The call for papers for DrupalCon Munich closed on Friday and I submitted a session related to the work I’m doing on developing a database module for the Akiban Server with Drupal 7. That work has not been open sourced yet but will be before August. We also plan on open sourcing and releasing the Akiban Server for public download by August as well. The end result of this work will be a database driver for the Akiban Server that will allow Drupal 7 to run on Akiban.

In this post, I wanted to briefly show the type of results I’ve been seeing from running Drupal on Akiban. To do this, I constructed a simple view using the Views module and benchmarked the query that resulted from this view.

Environment Setup

All results were gathered on EC2 instances. The base AMI used for these results is an official AMI of Ubuntu 10.04 provided by Canonical. The particular AMI used as the base image for the results gathered in this post was ami-0baf7662.

Images used were all launched in the US-EAST-1A availability zone and were large instance types.

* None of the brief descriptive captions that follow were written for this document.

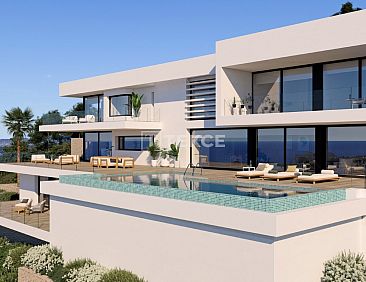 Vrijstaande woning in Benitachell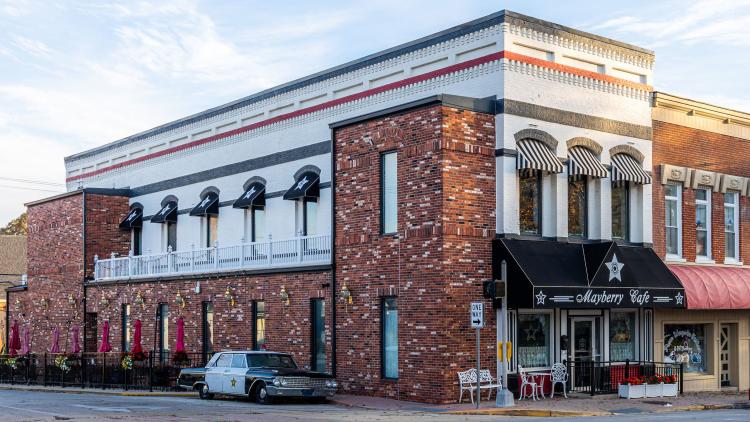 Mayberry Cafe in Danville, Indiana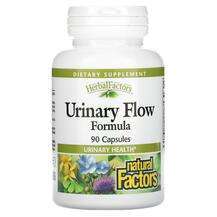 Natural Factors, Urinary Flow Formula, Підтримка сечового міху...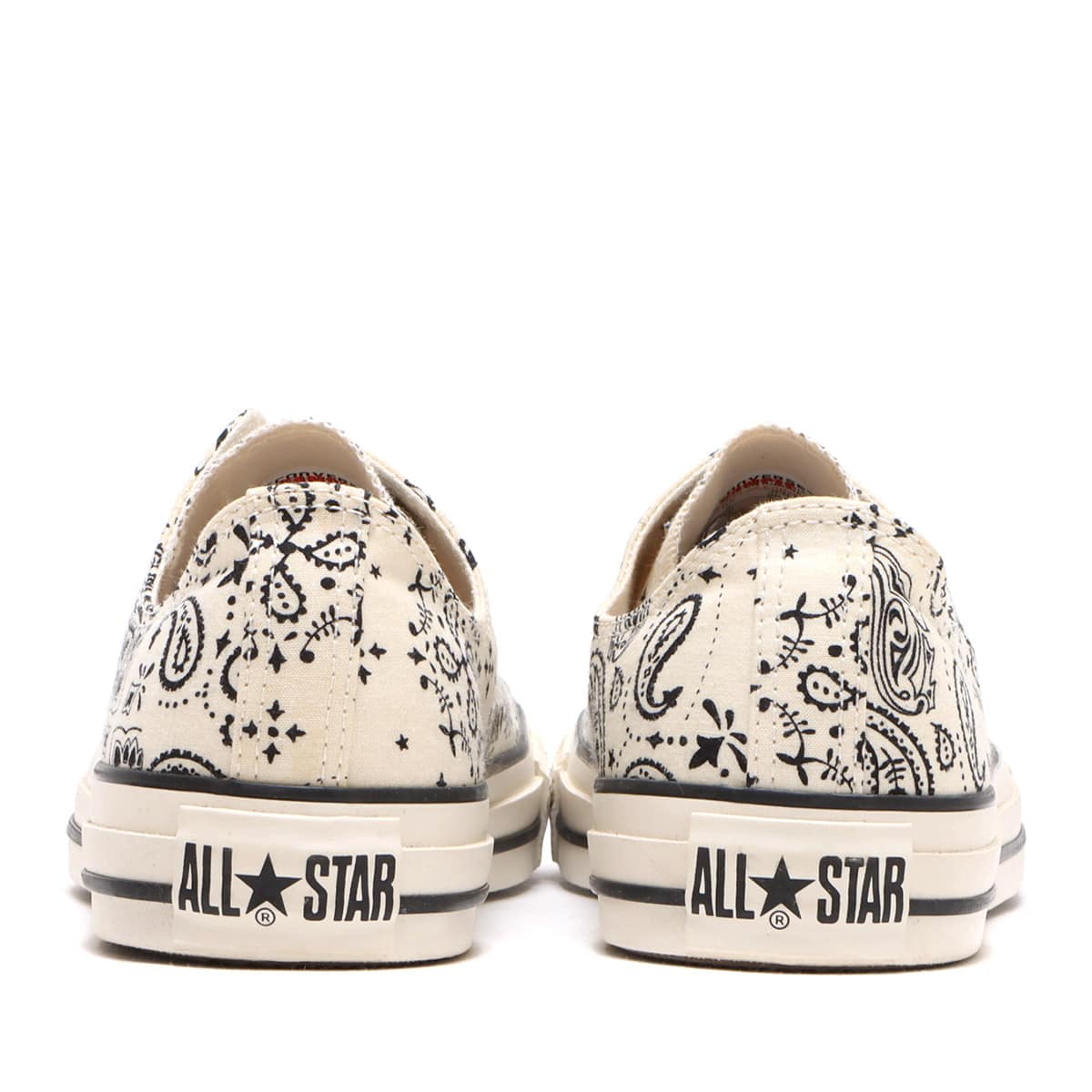 CONVERSE ALL STAR BANDANA OX WHITE 22SS-I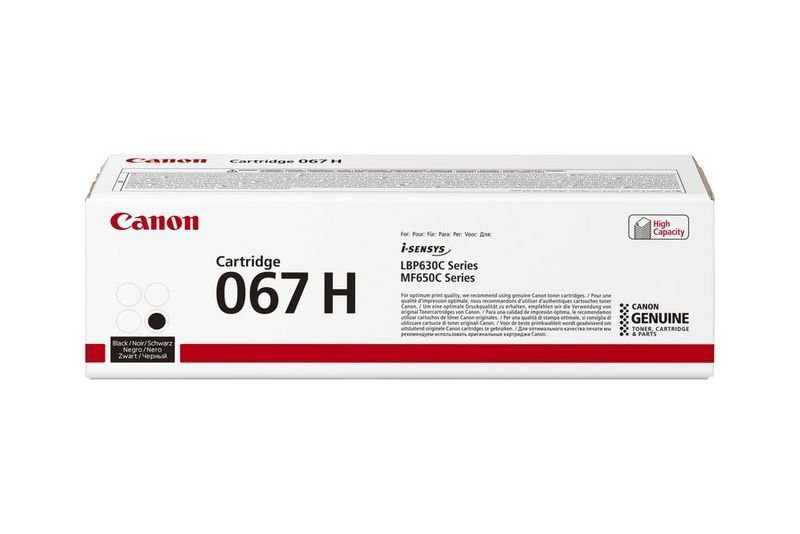 Slika - Canon CRG-067H BK (5106C002) črna, originalen toner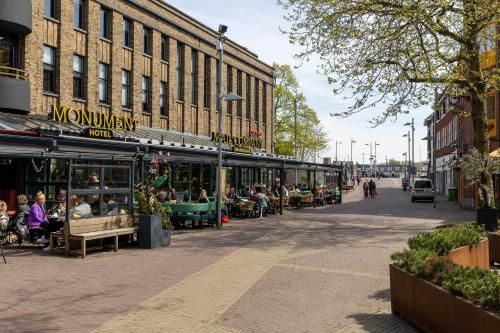 Monument Hotel 4 estrelas em Zaandam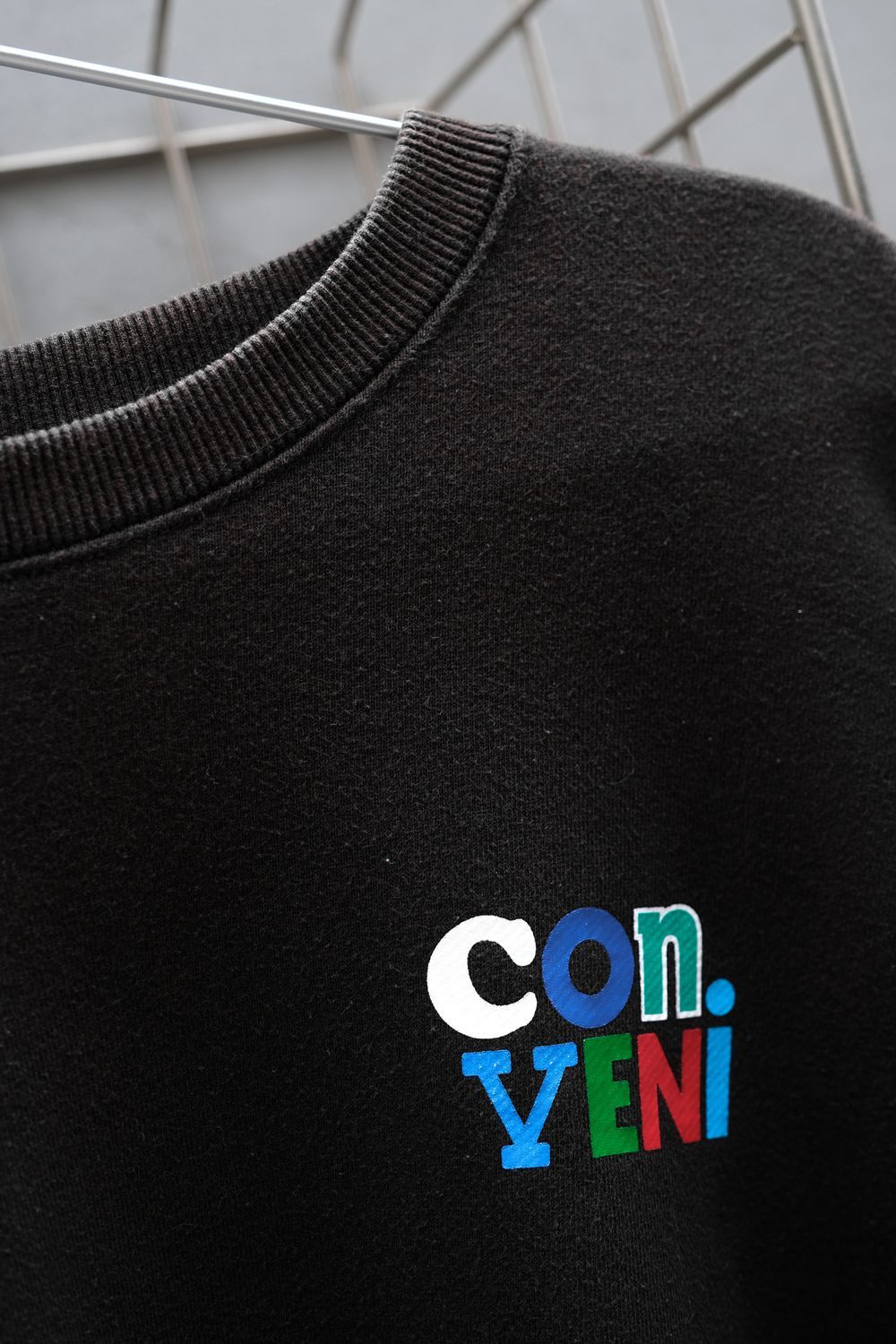 THE CONVENI COn.YENi Logo Sweatshirt Size US XL / EU 56 / 4 - 2 Thumbnail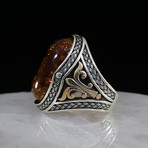 Amber Ring // 925 Sterling Silver (8)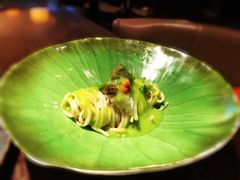 海胆鲟鱼子夏日凉拌面-湖滨28中餐厅·西湖宴·杭州君悦酒店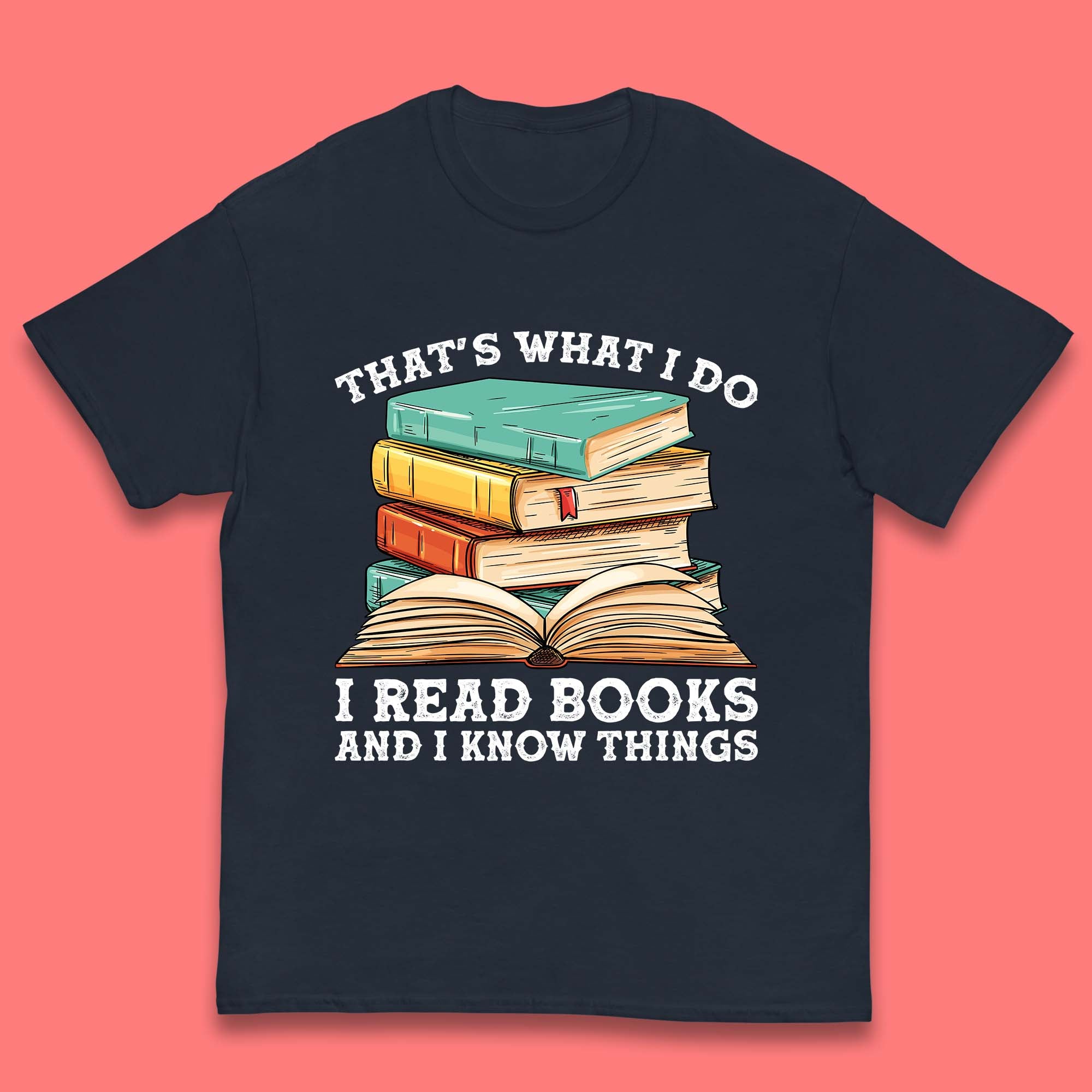 Books Reading Kids T-Shirt
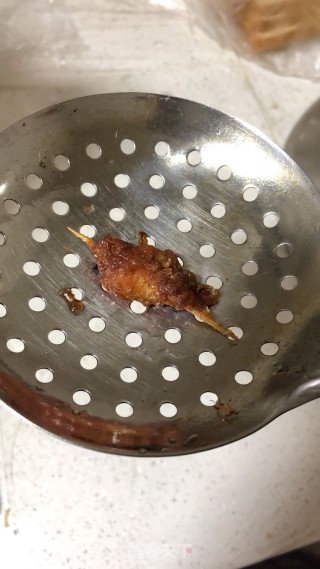 自制牙签肉的做法步骤：3
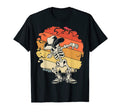 Dabbing Cowboy Halloween Skeleton T-Shirt - Aesthetic Graphic Men Women - T-Shirt, Sweatshirt, Hoodie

After launching this base image I installed MySQL 5.6 and Drupal 7.12. The steps I took to install these components along with the my.cnf file I used for MySQL are outlined in this gist.

I also created an AMI from the running instance after all the steps outlined were performed. This AMI has MySQL 5.6 installed along with Drupal 7.12 and data generated with drush.

The Akiban AMI cannot be made available for general download yet since we have not open-sourced our stack as of this time. Once our stack has been open-sourced I will update this post with a link to an AMI that can be downloaded. However, if you are interested in seeing the results here for yourself, feel free to contact me and I should be able to grant access to an EC2 instance for testing.

Data Generation

I used drush and the devel modules to generate data so the view would be operating on some data. I generated the following data:

users50000
tags1000
vocabularies5000
menus5000
nodes100000
max comments per node10

View and SQL Query

I created a simple view that filters and sorts on content criteria. A screenshot of my view construction page can be seen here.

The resulting SQL query that gets executed by this view is:

SELECT DISTINCT node.title                            AS node_title, 
                node.nid                              AS nid, 
                node_comment_statistics.comment_count AS 
                node_comment_statistics_comment_count, 
                node.created                          AS node_created 
FROM   node node 
       INNER JOIN node_comment_statistics node_comment_statistics 
         ON node.nid = node_comment_statistics.nid 
WHERE  (( ( node.status = '1' ) 
          AND ( node.comment IN ( '2' ) ) 
          AND ( node.nid >= '111' ) 
          AND ( node_comment_statistics.comment_count >= '2' ) ))
ORDER  BY node_created ASC 
LIMIT  50 offset 0 

Performance Comparison

The response time of the query in Akiban versus MySQL is shown below.

Reponse time comparison.

As seen in the image above, Akiban can execute the query in question in 5 ms or less whereas MySQL consistently takes 1200 ms to execute the query. In the next section I’ll go into details of how Akiban executes this query.

Secondly, numbers were obtained using the mysqlslap benchmark tool from MySQL to demonstrate how Akiban performs versus MySQL with varying degrees of concurrency.

Throughput comparison.

MySQL Execution Plan

Using Maatkit to visualize the MySQL execution plan, we get:

JOIN
+- Filter with WHERE
|  +- Bookmark lookup
|     +- Table
|     |  table          node_comment_statistics
|     |  possible_keys  PRIMARY,comment_count
|     +- Unique index lookup
|        key            node_comment_statistics->PRIMARY
|        possible_keys  PRIMARY,comment_count
|        key_len        4
|        ref            drupal.node.nid
|        rows           1
+- Table scan
   +- TEMPORARY
      table          temporary(node)
      +- Filter with WHERE
         +- Bookmark lookup
            +- Table
            |  table          node
            |  possible_keys  PRIMARY,node_status_type
            +- Index scan
               key            node->node_created
               possible_keys  PRIMARY,node_status_type
               key_len        4
               rows           100

MySQL chooses to start from the node table and scans an index on the created column. A temporary table is then created in memory to store the results of this index scan. The items stored in the temporary table are then processed to eliminate duplicates (for the DISTINCT). For each distinct row in the temporary table, MySQL then performs a join to the node_comment_statistics table by performing an index lookup using its primary key.

Akiban Execution Plan

The tables involved in the query fall into a single table group in Akiban - the node group. Grouping is explained by our CTO in this post and that post includes a grouping for Drupal where you can see the node group. For this query, it means all joins within the node group are executed with essentially zero cost. It also allows for the creation of Akiban group indexes. A group index is an index that can span multiple tables along a single branch within a table group.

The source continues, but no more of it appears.